La divisione fa male ai lavoratori

La Cisl non ha aderito allo sciopero voluto da Cgil e Uil e si è da tempo collocata su posizioni vicine al governo. Questa scelta è incomprensibile – come ha notato Franco Monaco su questo giornale – alla luce della tradizione e della storia del sindacato ‘bianco’. E si è accompagnata all’ accusa nei riguardi della Cgil di essere condizionata da una ‘zavorra ideologica’.

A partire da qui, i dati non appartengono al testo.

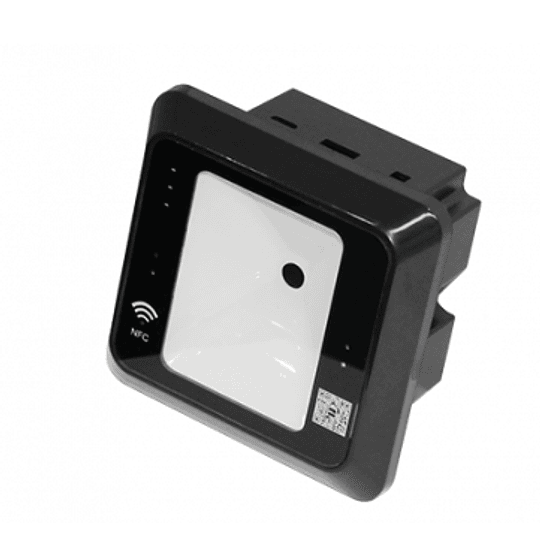 Lector QR para cedulas de identidad y QR emitidos por el software de ZKT, RFID, Wiegand, RS485, Micro USB, Color Negro. 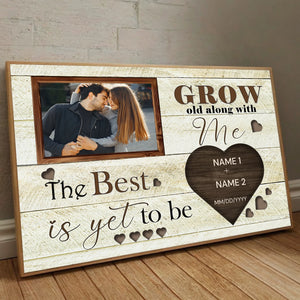 Grow Old with Me – A Custom Romantic Poster with Photos and Names - 89Prints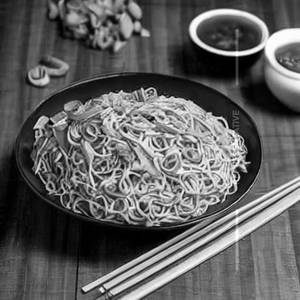Szechuan hakka noodles mixed
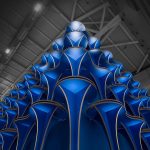 Art School in Blue & White By Various Associates - Sheet6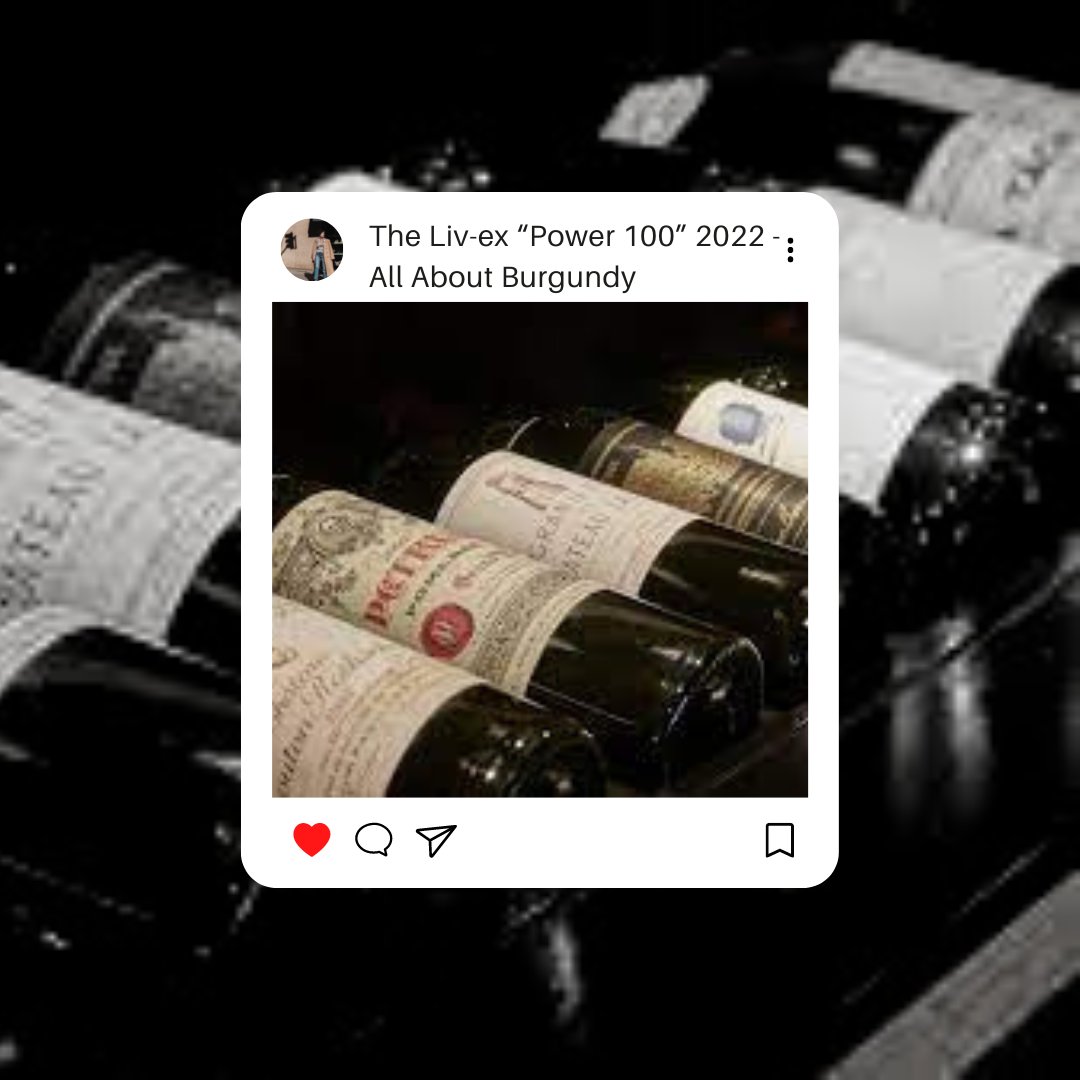 The Liv-ex “Power 100” 2022 – All About Burgundy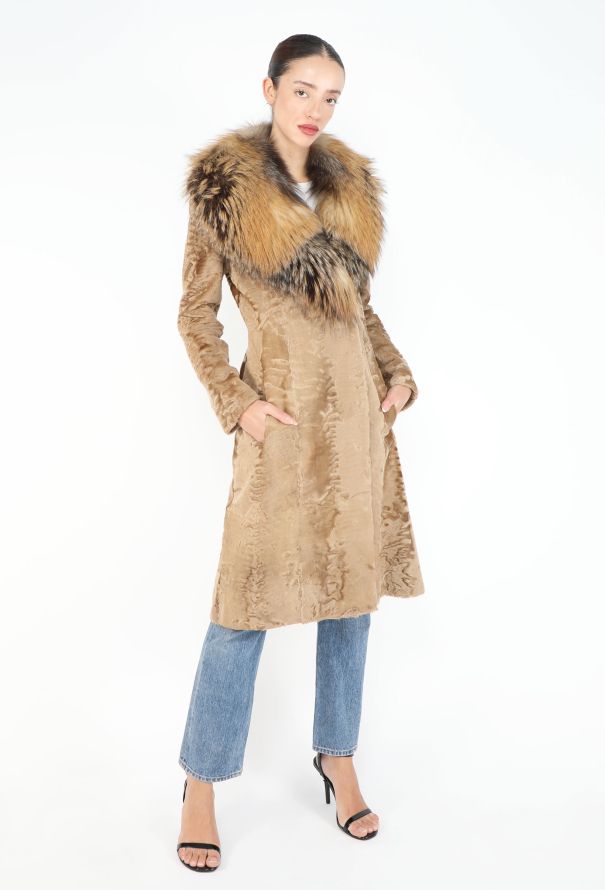 Dior STUNNING F/W 2007 Fox Fur Astrakhan Coat - 5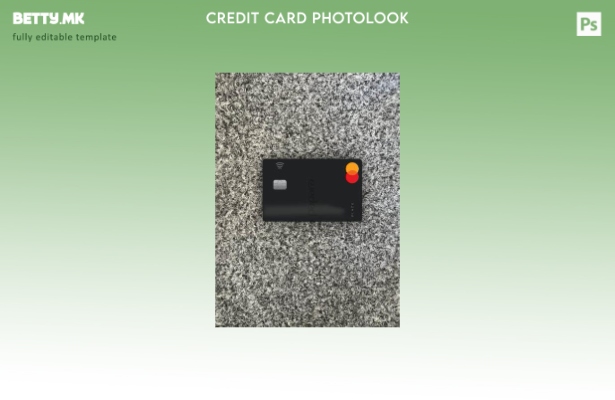 Модерен стил Турција Papara Mastercard photolook преден шаблон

Accusa ripresa e prontamente rincarata da Giorgia Meloni che, intervenendo all’assemblea, ha parlato di ‘visione conflittuale tossica’. È evidente che il risultato di questo scontro è l’indebolimento del mondo del lavoro nel suo complesso. Allo stesso tempo sono ulteriormente minate le già flebili possibilità di fare della concertazione un pilastro di una visione e di una nuova offerta politica da parte delle forze del centro-sinistra, che stenta a concretizzarsi.

Involuzione Cisl

La Cisl è stata da sempre il sindacato più favorevole alla concertazione. Anche la Uil ha guardato in genere con favore a questa esperienza. La Cgil ha mantenuto invece delle riserve, legate a una cultura politica originaria critica verso le socialdemocrazie del centro-nord Europa, dove tali esperienze si sono più affermate nel dopoguerra.

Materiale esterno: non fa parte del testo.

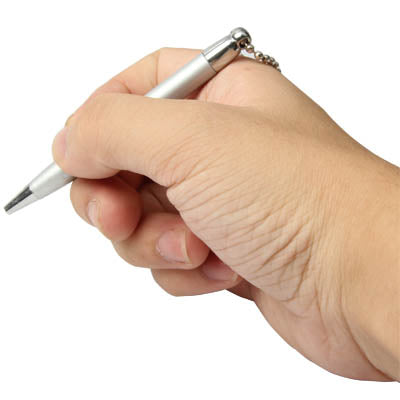 Stainless Steel Pen & 3-Digit Resettable Combination Padlock Set(Silver)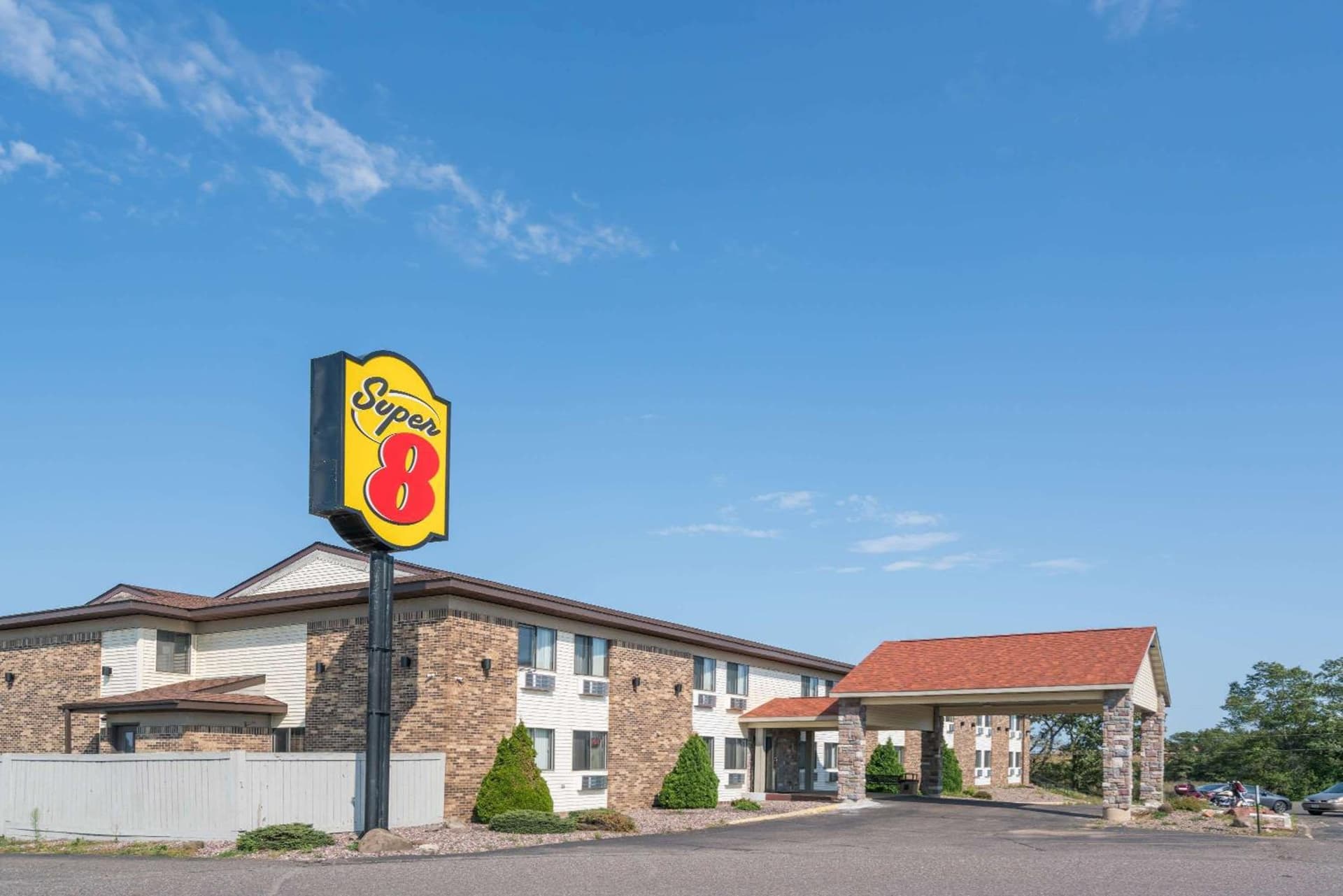 Super 8 by Wyndham Rice Lake featured exterior or lobby in Rice Lake, WI — similar hotel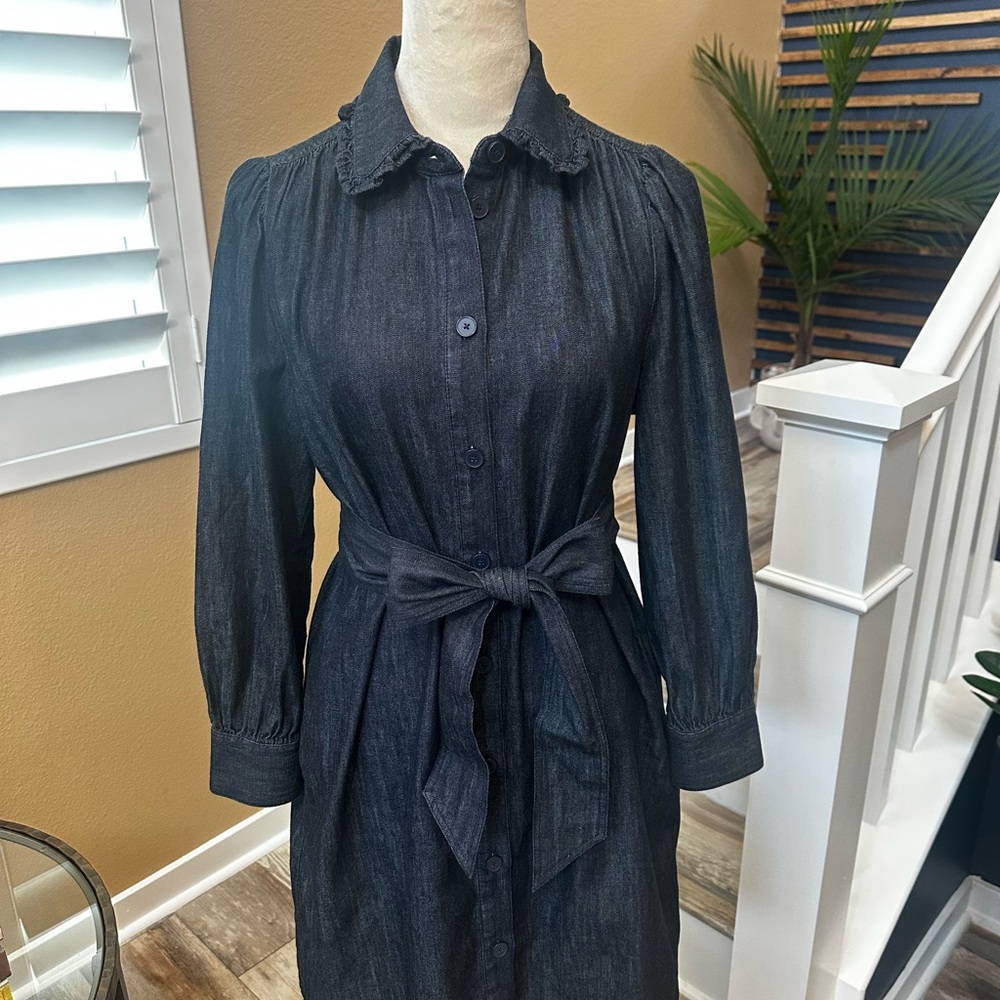 Kate Spade Dark Blue Long Sleeve Dress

Quanto al Partito democratico, esso nasce con l’occhio alla democrazia maggioritaria all’americana (prima dei grandi cambiamenti che sarebbero stati imposti di lì a poco dalla nuova destra populista). Questo modello si basa sul rafforzamento di una leadership personale eletta con un sistema maggioritario e non lascia spazio per la concertazione. Più tardi, sotto l’influenza della Terza Via, in particolare con il governo Renzi viene praticata la ‘disintermediazione’, il ridimensionamento dei rapporti con i sindacati. Il fallimento di quella esperienza ha portato infine a un cambiamento del gruppo dirigente che non ha però preso una posizione esplicita sulla concertazione come strumento per sostenere una nuova offerta politica.

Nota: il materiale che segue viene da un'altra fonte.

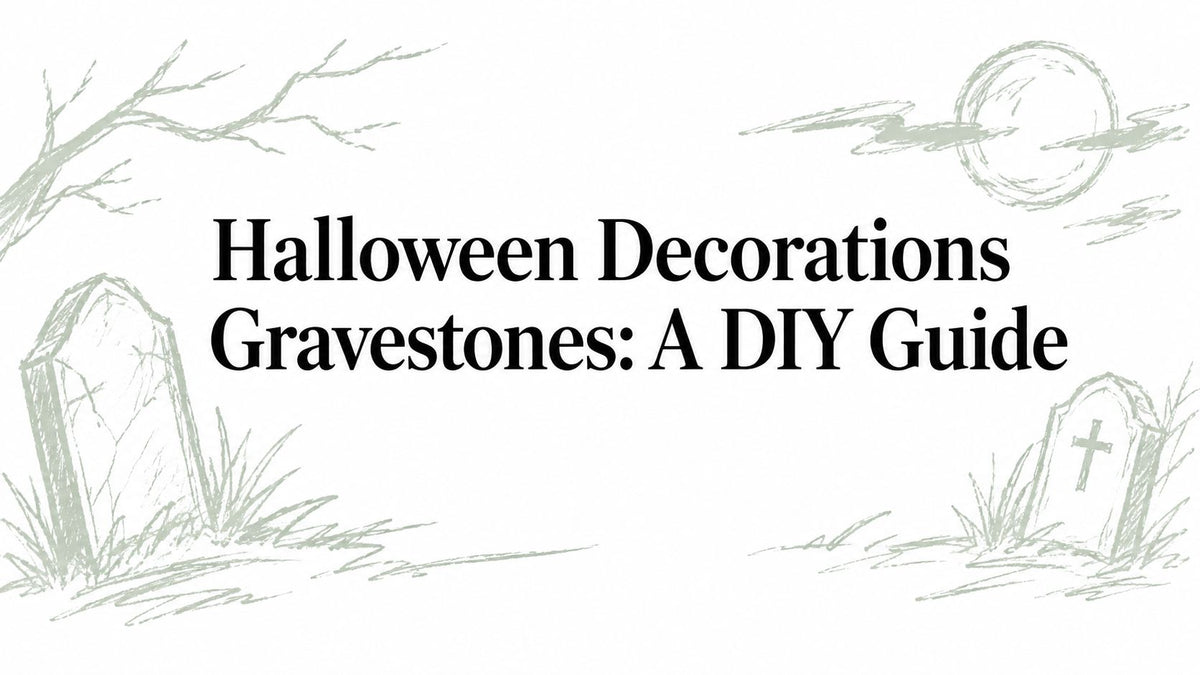Halloween Decorations Gravestones: A DIY Guide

La concertazione utile per la sinistra

Ma è davvero così importante la concertazione per costruire un’alternativa al plebiscitarismo autoritario della nuova destra? Se l’obiettivo della sinistra è di contrastare le disuguaglianze sociali, è difficile immaginare una strada diversa. Il confronto con altri paesi europei mostra chiaramente che si sono avvicinati maggiormente a uno sviluppo inclusivo – con più ridotte disuguaglianze - i paesi che hanno da tempo sperimentato un governo basato sulla negoziazione e la concertazione. E inoltre si basano su un sistema elettorale proporzionale che frena lo spostamento della rappresentanza verso il centro come avviene con il maggioritario.

Si realizza così una redistribuzione incisiva ma sostenibile (welfare esteso e universalistico, ricalibrato su politiche attive; mobilità del lavoro; tassazione elevata e progressiva). Alla redistribuzione si accompagna una crescita sostenuta, alimentata da politiche per l’innovazione che ‘compensano’ i costi maggiori per le imprese della tassazione e della regolazione del mercato del lavoro con beni e servizi pubblici. E le spingono a muoversi lungo la ‘via alta’ con crescita della produttività e dei salari.

Le sfide del populismo

Naturalmente, anche le esperienze più consolidate di concertazione non sono esenti da problemi. Devono anch’esse confrontarsi con le sfide del populismo. E devono rinnovarsi affrontando questioni come l’immigrazione, la sicurezza, la precarizzazione del lavoro. Possono però combattere la battaglia con strumenti più efficaci per lo sviluppo inclusivo.

Per il momento in Italia le divisioni tra i sindacati e la mancanza di attenzione sulla concertazione rendono più debole la formazione di una nuova offerta politica.